» **ABOUT THIS EXERCISE**
Return the entries that follow exactly, with no images.

» **RAW DATA**
——————————

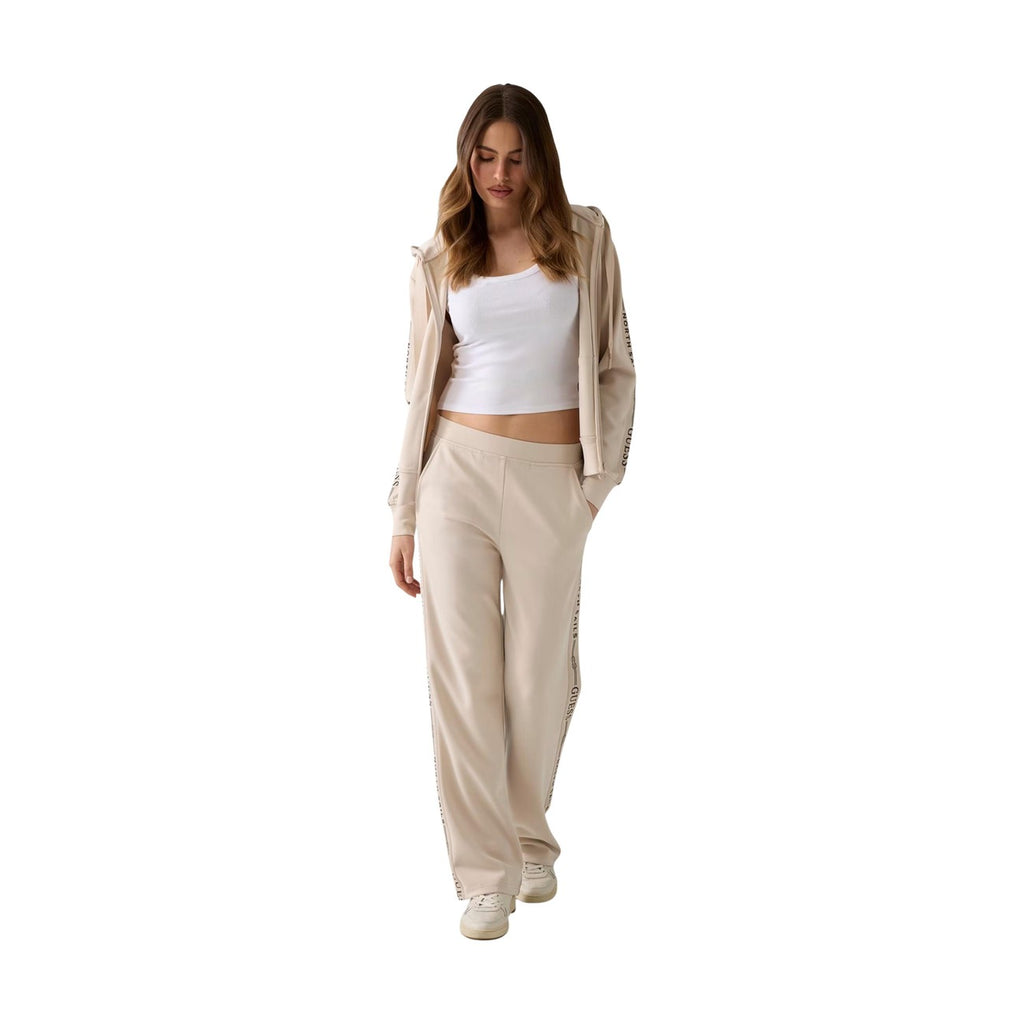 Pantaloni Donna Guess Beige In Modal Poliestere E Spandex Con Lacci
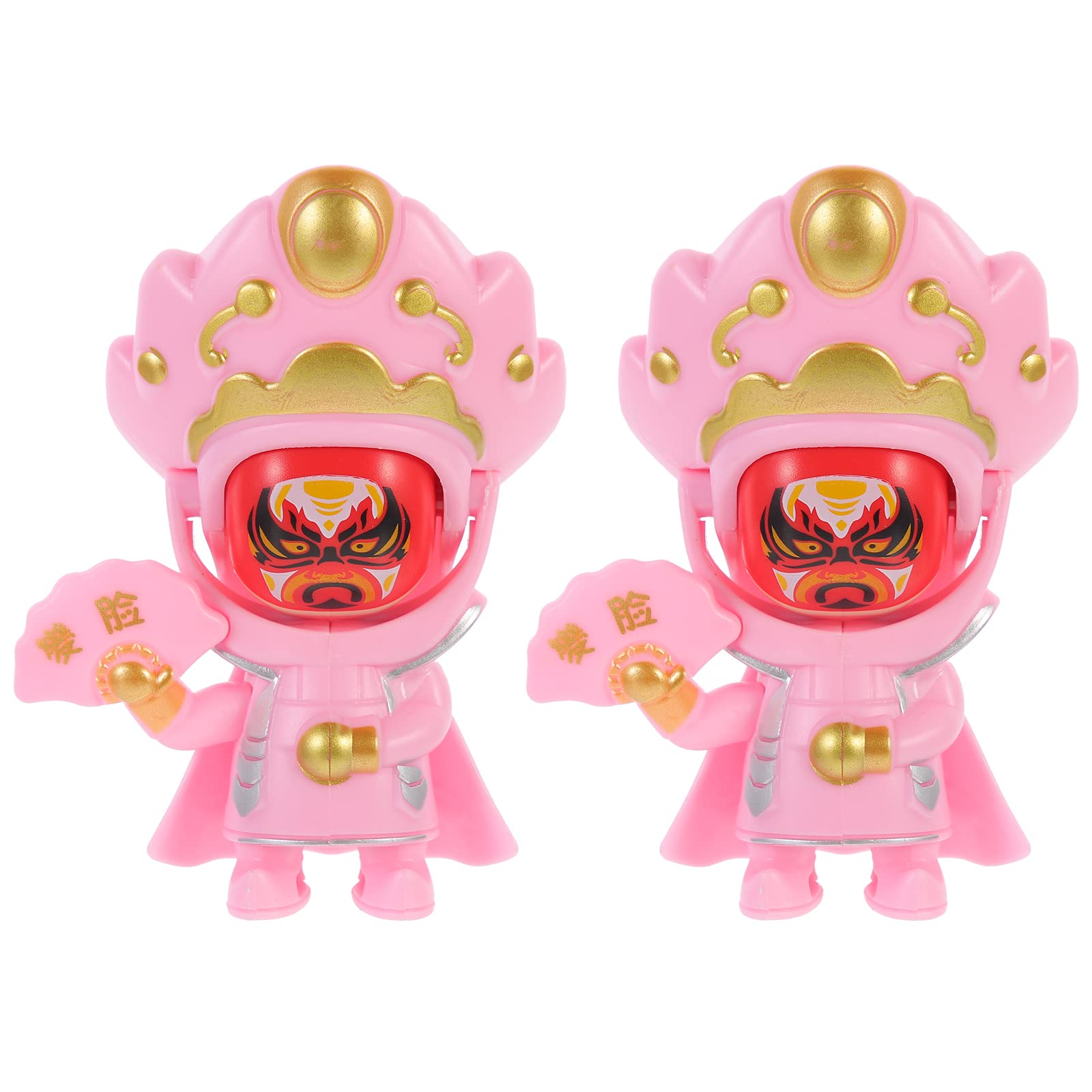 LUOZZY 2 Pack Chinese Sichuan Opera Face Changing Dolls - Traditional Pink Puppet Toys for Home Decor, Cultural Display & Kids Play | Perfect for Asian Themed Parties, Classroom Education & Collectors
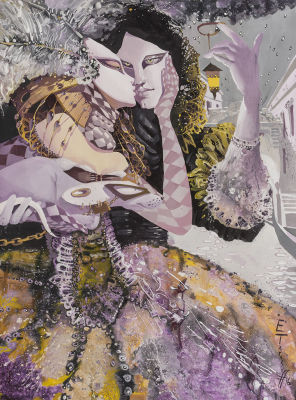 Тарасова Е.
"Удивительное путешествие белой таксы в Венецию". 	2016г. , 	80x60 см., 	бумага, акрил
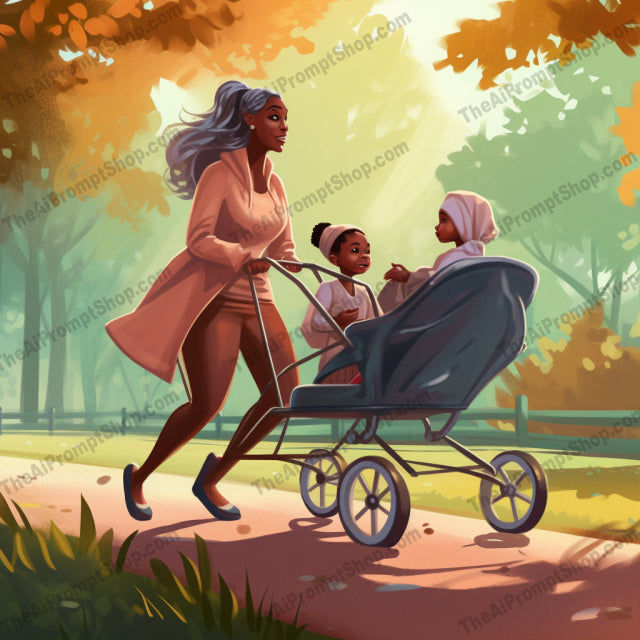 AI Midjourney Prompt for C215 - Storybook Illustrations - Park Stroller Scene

——————————

» **WRITTEN RESPONSE**
 Pantaloni Donna Guess Beige In Modal Poliestere E Spandex Con Lacci
 LUOZZY 2 Pack Chinese Sichuan Opera Face Changing Dolls - Traditional Pink Puppet Toys for Home Decor, Cultural Display & Kids Play | Perfect for Asian Themed Parties, Classroom Education & Collectors
 Тарасова Е.
"Удивительное путешествие белой таксы в Венецию". 	2016г. , 	80x60 см., 	бумага, акрил
 AI Midjourney Prompt for C215 - Storybook Illustrations - Park Stroller Scene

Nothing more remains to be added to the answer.